If one's only perception of living conditions for the mass of Jewish humanity under the Nazi regime is pictures like "Schindler's List", then this footage offers the real deal. It's impossible to imagine hundreds of thousands of people cramped into a three square mile area of a ravaged city, starving and malnourished, tossing garbage out the windows of their tenements because they're too weak to dispose of it properly. Gaunt, expressionless children rummaging through piles of garbage looking for a useful bit of food scrap. The dead brought out to sidewalks and left to be rounded up in mass graves because they couldn't be buried properly. The conditions presented in this film are almost impossible to conceive in one's imagination, so horrid are the images that citizens of the Warsaw Ghetto had to endure as part of their daily life.
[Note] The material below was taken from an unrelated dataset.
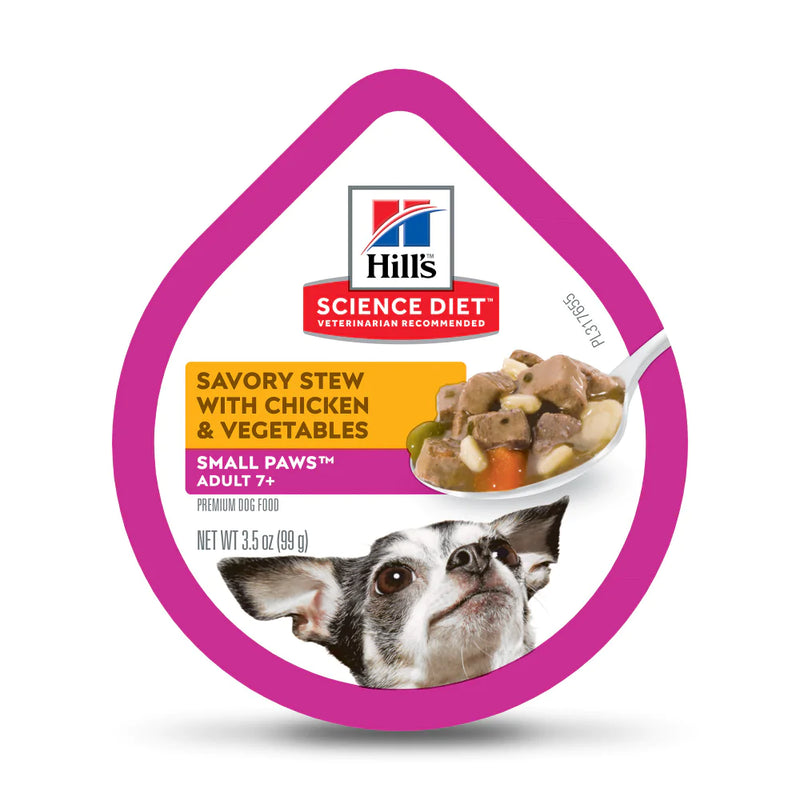 Hill's Science Diet Small & Toy Breed Adult 7+ Savory Chicken & Vegetable Stew Dog Food Trays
Much of the film commentary is gleaned from the written documentation provided by Adam Czerniakow, the head of the Jewish council placed in charge of the Ghetto by the Nazi regime. There's also the recollections of cameraman Willy Wist who recorded much of the atrocity, one of the few such photographers who's name can be connected to the visual history of this era. By the end of his tenure, Czerniakow obviously concluded that his job in The Ghetto was that of a manager of a holding pen for Jewish natives and refugees on their way to a Nazi final solution, the Treblinka Death Camp. Two months after being ordered to draw up lists of Jews for relocation to Treblinka, he committed suicide with a cyanide capsule.

As a historical document, this film is unscathing in it's portrayal of Nazi atrocity and the dehumanization of life on a grand scale. The reactions of now elderly survivors of the era who witnessed the conditions portrayed when they were children lends further testimony to how fortunate they were to finally escape. For historians and anyone interested in World War II, this is an unflinching look at how Man's inhumanity to Man can achieve indescribable proportions.